Changing anything in the Maintainers’ domain should notify them. Unfortunately, this happens regularly in routine workflows. Maintainers also have their team’s work and general package and security updates to worry about. So, being notified of unrelated PRs quickly leads to burnout.

For example, if a new resolver is added, it must be manually added to the resolver map. So, Maintainers are notified of every new resolver. It may look like this if you are using GraphQL Yoga:

// server.ts (managed by the Maintainers)
import { createServer } from 'node:http'
import { createSchema, createYoga } from 'graphql-yoga'
import { Auth } from "./schema/auth/resolvers";
import { book, Book } from "./schema/auth/resolvers";
import { user, User } from "./schema/user/resolvers";
 
const schema = createSchema({
  typeDefs: `...`,
  resolvers: { // This is the resolver map
    Query: {
      user,
      book,
    },
    Auth,
    Book
    User,
  }
});
 
const yoga = createYoga({ schema });
const server = createServer(yoga)
server.listen(4000, () => {
  console.info('Server is running on http://localhost:4000/graphql')
})

There is a way to mitigate this issue: each schema module exports an object of resolvers, and they are passed into resolvers as an array. Internally, the resolvers are merged using mergeResolvers from @graphql-tools/merge. This means the Maintainers are notified on every new module instead of every new resolver:

// server.ts
import { createServer } from 'node:http'
import { createSchema, createYoga } from 'graphql-yoga'
import * as authResolvers from './schema/auth/resolvers'
import * as bookResolvers from './schema/book/resolvers'
import * as userResolvers from './schema/user/resolvers'
 
const schema = createSchema({
  typeDefs: `...`,
  resolvers: [
    // mergeResolvers are called internally
    authResolvers,
    bookResolvers,
    userResolvers
  ]
})
 
// rest of server config

However, mergeResolvers has a caveat: it is simply merging plain JavaScript objects at runtime.
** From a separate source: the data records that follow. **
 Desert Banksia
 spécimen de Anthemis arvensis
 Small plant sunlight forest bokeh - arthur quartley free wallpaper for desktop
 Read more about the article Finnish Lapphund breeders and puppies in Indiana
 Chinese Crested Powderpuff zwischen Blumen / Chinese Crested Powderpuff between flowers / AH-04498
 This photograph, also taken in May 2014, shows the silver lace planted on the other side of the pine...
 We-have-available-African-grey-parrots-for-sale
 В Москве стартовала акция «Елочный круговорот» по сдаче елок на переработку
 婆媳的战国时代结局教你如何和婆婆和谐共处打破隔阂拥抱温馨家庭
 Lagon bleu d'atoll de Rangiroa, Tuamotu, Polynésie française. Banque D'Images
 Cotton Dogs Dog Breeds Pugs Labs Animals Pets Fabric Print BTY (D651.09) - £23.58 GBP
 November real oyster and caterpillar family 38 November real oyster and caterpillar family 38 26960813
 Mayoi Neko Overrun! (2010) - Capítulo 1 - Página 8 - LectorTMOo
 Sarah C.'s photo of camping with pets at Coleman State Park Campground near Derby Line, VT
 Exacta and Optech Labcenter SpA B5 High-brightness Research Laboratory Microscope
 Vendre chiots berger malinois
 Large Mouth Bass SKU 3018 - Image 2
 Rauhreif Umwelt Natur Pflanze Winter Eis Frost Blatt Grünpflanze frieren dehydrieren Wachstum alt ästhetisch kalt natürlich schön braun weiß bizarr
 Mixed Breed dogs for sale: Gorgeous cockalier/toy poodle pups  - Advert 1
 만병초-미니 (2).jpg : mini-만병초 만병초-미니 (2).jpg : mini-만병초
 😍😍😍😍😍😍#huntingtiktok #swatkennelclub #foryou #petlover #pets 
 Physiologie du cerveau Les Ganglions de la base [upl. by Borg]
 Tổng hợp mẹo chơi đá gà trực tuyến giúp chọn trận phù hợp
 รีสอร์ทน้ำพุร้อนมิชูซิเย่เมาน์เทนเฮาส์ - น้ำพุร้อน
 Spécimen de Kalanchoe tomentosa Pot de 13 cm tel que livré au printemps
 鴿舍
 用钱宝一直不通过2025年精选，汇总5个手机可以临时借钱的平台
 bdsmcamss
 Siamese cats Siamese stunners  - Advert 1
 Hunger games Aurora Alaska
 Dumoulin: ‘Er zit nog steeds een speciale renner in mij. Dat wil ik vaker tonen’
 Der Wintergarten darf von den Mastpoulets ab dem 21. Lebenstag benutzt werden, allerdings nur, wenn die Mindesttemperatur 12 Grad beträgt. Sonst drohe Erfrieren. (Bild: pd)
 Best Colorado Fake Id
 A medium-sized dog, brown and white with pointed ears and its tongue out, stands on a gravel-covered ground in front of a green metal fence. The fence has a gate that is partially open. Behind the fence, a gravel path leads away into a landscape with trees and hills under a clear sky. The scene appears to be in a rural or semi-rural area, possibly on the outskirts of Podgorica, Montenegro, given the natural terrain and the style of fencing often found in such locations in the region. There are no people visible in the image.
Thus, there is a risk of someone accidentally overriding others’ resolvers. This issue is hard to find in large codebases with hundreds of resolvers and modules.

Another commonly used feature is mappers. This feature allows resolvers to return custom mapper objects instead of GraphQL output types.

The problem with mappers is that we need to update codegen.yml every time we need to create one:

# codegen.yml
generates:
  src/schema/types.generated.ts:
    plugins:
      - typescript
      - typescript-resolvers
    mappers:
      User: './mappers#UserMapper'
      Profile: './mappers#ProfileMapper'
      # Add another line for each mapper

This is a problem for the Maintainers because these changes are based on team requirements. Whether a team uses mappers or not is the team’s choice and should not concern the Maintainers. Yet, the Maintainers are notified because they own the codegen.yml file.

Solution: Use GraphQL Server Codegen Preset

To solve the above problems, I am working on a codegen preset for GraphQL server: @eddeee888/gcg-typescript-resolver-files. The aim is to move from guidelines/config to conventions. All changes happen inside teams’ modules, so feature work does not notify the Maintainer.

This works for any GraphQL server implementation, such as GraphQL Yoga, Apollo Server, etc.

Here’s how to get started:

yarn add -D @graphql-codegen/cli @eddeee888/gcg-typescript-resolver-files

Then, you can add the following config:

# codegen.yml
schema: 'src/**/*.graphql'
generates:
  src/schema:
    preset: '@eddeee888/gcg-typescript-resolver-files'

Note that this preset includes @graphql-codegen/typescript and @graphql-codegen/typescript-resolvers under the hood, so you do not have to set that up manually!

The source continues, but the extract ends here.